Get Brexit done? Another vote-winning lie. It’s far from done with grace periods still in force and (deliberately?) unresolved issues like Northern Ireland. To cap it all, Johnson and Frost are now pretending that what we now have wasn’t what they signed up to, anyway. The EU blame game continues. So much for taking back control.

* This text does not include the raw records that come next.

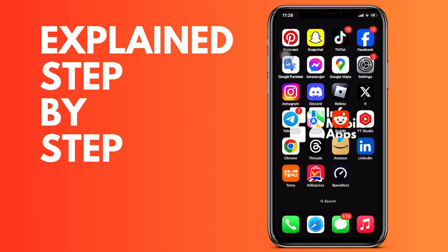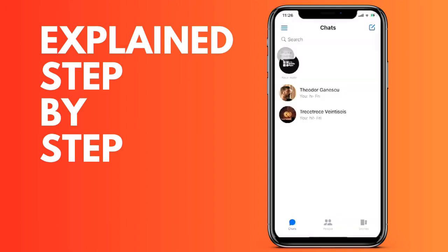First of all, we open the Facebook Messenger application and then we are going to go to the person. We click on the name of that person that appears at the top.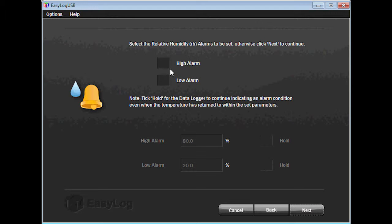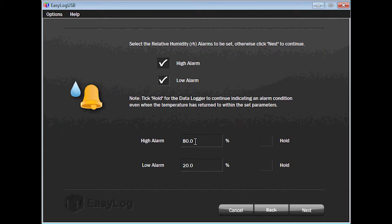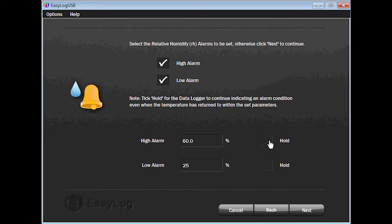Next, select the humidity alarms you would like to set — either high, low, both, or none. I will record both. Now type in the values for the humidity alarms. The maximum percentage for either alarm is 100%. I will make the high alarm 60% and the low 25%. Like the temperature alarms, I can also choose to check the hold box if I wish the data logger to report there was an alarm condition even after the humidity has returned to within the set parameters. Click on Next to continue.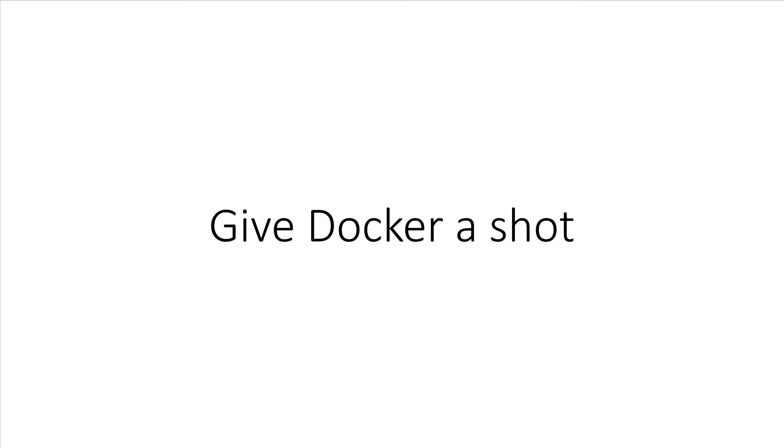Instead of spending the next few months torturing yourself by wondering if you should learn Docker, I promise you, life will be much better if you at least give Docker a shot. You have very little to lose and so much to gain.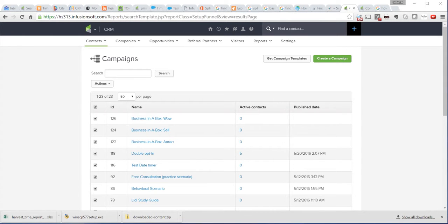Hi, I'm here to show you how to create a double opt-in campaign in Infusionsoft.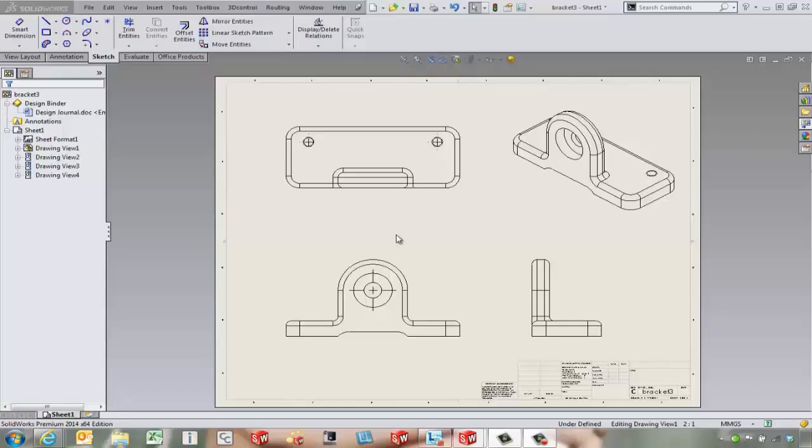Hello, this is Tony Riggs with GoEngineer. In this video we're going to take a look at the tools to bring in dimensions straight from our model and the sketches.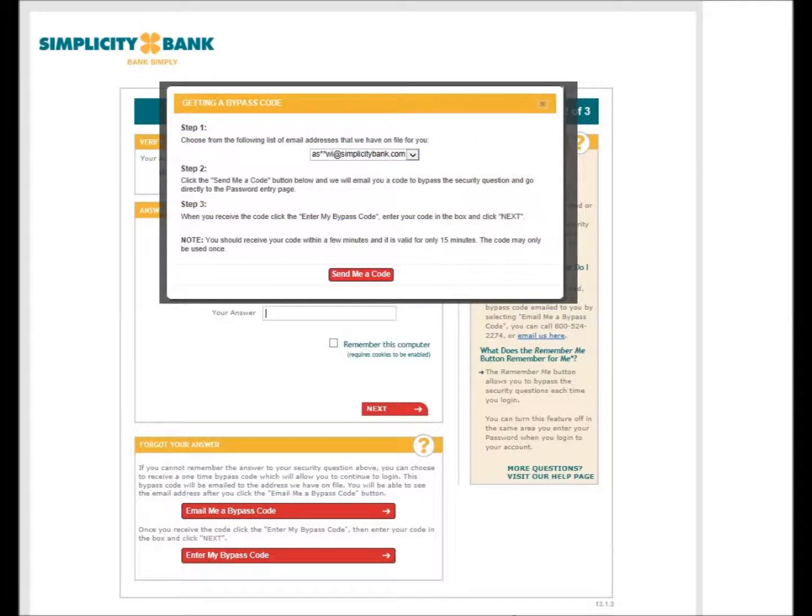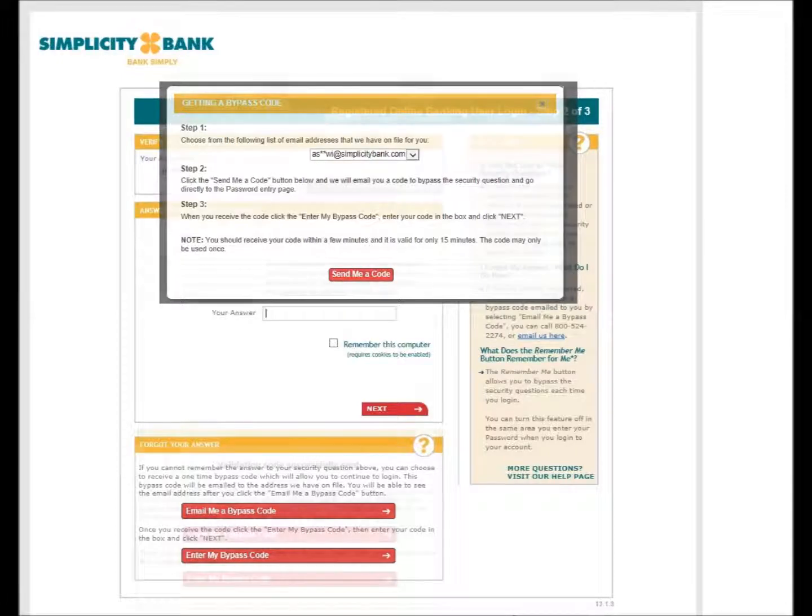Once selected, a box will appear with your masked email address that we currently have on file for you. Select the button Send Me a Code to have a one-time use code sent to your email.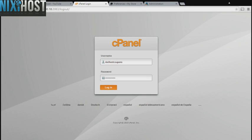This Nixie Host tutorial will show you how to install jQuery using Softaculous in cPanel. We'll begin by logging into cPanel.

It is increasingly evident that the creators of these slogans and those using them to build and bolster their power have fully bought into the Goebbels’ playbook when it comes to messaging. The truth, the validity, the integrity of the slogan could not matter less. All that matters is that it should land in people’s minds and spread like a virus. Goebbels was quite a fan of the rule of three himself:

“You can’t change the masses. They will always be the same: dumb, gluttonous and forgetful.”

“Devotion, fervor, longing! Those are my pillars. We have to be the bridge to the future.”

But it is his most infamous piece of advice which has been acted upon so assiduously by Johnson and his gang:

“Make the lie big, make it simple, keep saying it, and eventually they will believe it.”

Get Brexit done. Our money, our laws, our borders. Build back better.

Empty, meaningless. The absolute opposite of what is actually happening.

Even benign messaging is dangerously vague: Stay alert, control the virus, save lives. What does ‘stay alert’ mean for behaviour? Control the virus? How? By not closing borders or stopping flights from India and letting the Delta variant take control?

Then there’s Eat out to help out (spread the virus); Test, track and trace (abject and monstrously expensive failure)

It’s the illusion of action and decisiveness, the notion of a plan…except that it’s a non-existent plan or a plan with absolutely no definite action or decision-making/taking at all.

The People’s Priorities

But perhaps the most disturbing slogan of all is that of ‘delivering on the people’s priorities. This insidious phrase is designed to manipulate people into getting behind some of the most hideous strategies and abuses of power. You disagree? You are against the people. You are trying to prevent the fulfilment of their priorities. The courts? Unpatriotic. The opposition? Unpatriotic. Activists? Unpatriotic. Decent people who don’t like the hostile environment, the corruption, the cronyism are also no longer patriotic. The upholding of the rule of law is unpatriotic. You are an enemy of the people.

On 22 August, Adolf Hitler told his generals:

I will provide a propagandistic casus belli. Its credibility doesn’t matter. The victor will not be asked whether he told the truth.[12][13]

It is a very optimistic or wilfully blind person who will ignore the signs that history does indeed repeat itself. We need to wake up, stand up and resist.